Should we train law students never to complain anonymously?

I read an article today that featured allegations of discrimination against a professor. (I also have left a comment after that article, but it has not yet appeared.) I read a lot of those types of articles, most recently this one. I read these types of articles in part because I am aware of the power imbalance between faculty and students and in part because I have known some of the professors in question. Some are law professors, and the one who was the subject of today’s article is a co-author of mine. I’ve been focusing on this topic lately because I’m writing an article about law students and social media for an upcoming symposium. That article will now include something about law students and anonymous complaints.

I have no reason to doubt the sincere belief of the three anonymous law students that they were in a classroom with a professor who, to them, appeared to discriminate. We come into any social situation having been shaped by our own experiences, and I grew up in a place in which I was bullied (and occasionally physically assaulted) because of my religion. I know what scars that experience leaves.

I do have some reason to doubt the skill set of the reporters who appear only to have interviewed these three students and who may not have taken the separate step of asking other students in the course for their views. A simple “we’re writing a story that includes allegations about this course—does anyone want to speak to us?” would have been easy for these reporters to do. Maybe they did. Maybe they haven’t been burned by anonymous sources before and didn’t know that they could ask for more information from others. If they didn’t know that, then this article could be a learning opportunity for them.

But here’s the disconnect that I am facing: these are law students who are making these allegations about this law professor. In a few years, they will be lawyers.

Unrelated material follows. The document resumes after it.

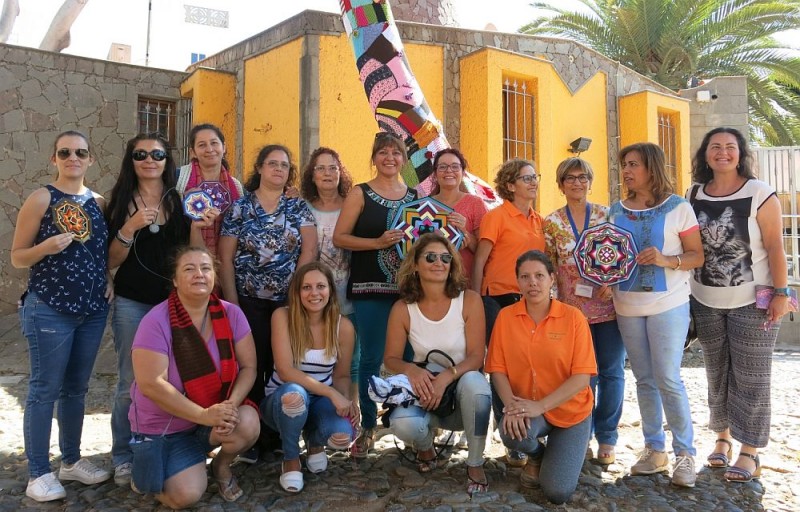 Un �Yarn Bombing� en los �rboles de La Era anuncia el D�a de Tejer el P�blico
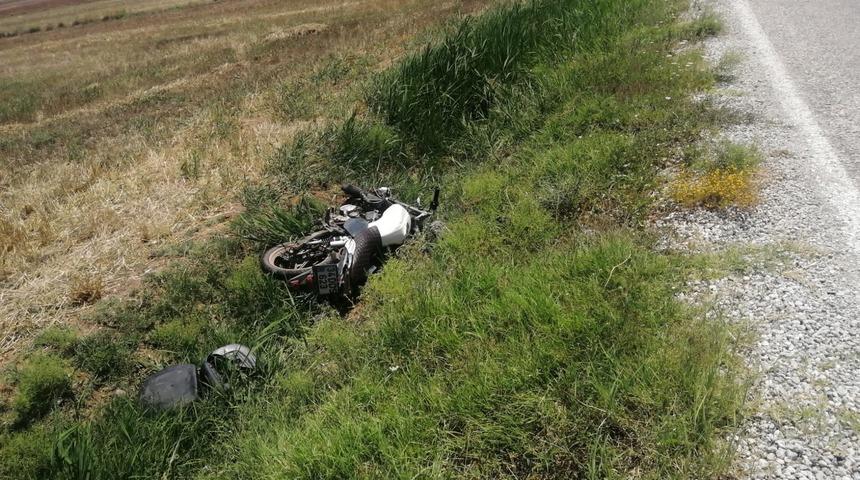 Çorum'da devrilen motosikletin sürücüsü hayatını kaybetti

As lawyers, they will have to sign their names to their pleadings, their drafts of contracts, and any other work product that they do. They will appear in public on behalf of others, and they will have to announce their names as they represent their clients. They will be bound by ethics rules that include the obligations to be truthful to the court and to others, and to avoid making unmeritorious claims. Because they are lawyers, they likely will be asked to serve on non-profit boards, and they will have to voice their opinions, as board members, in front of their colleagues. (And as board members, they will have a fiduciary duty to speak up if they see the board going off the rails.)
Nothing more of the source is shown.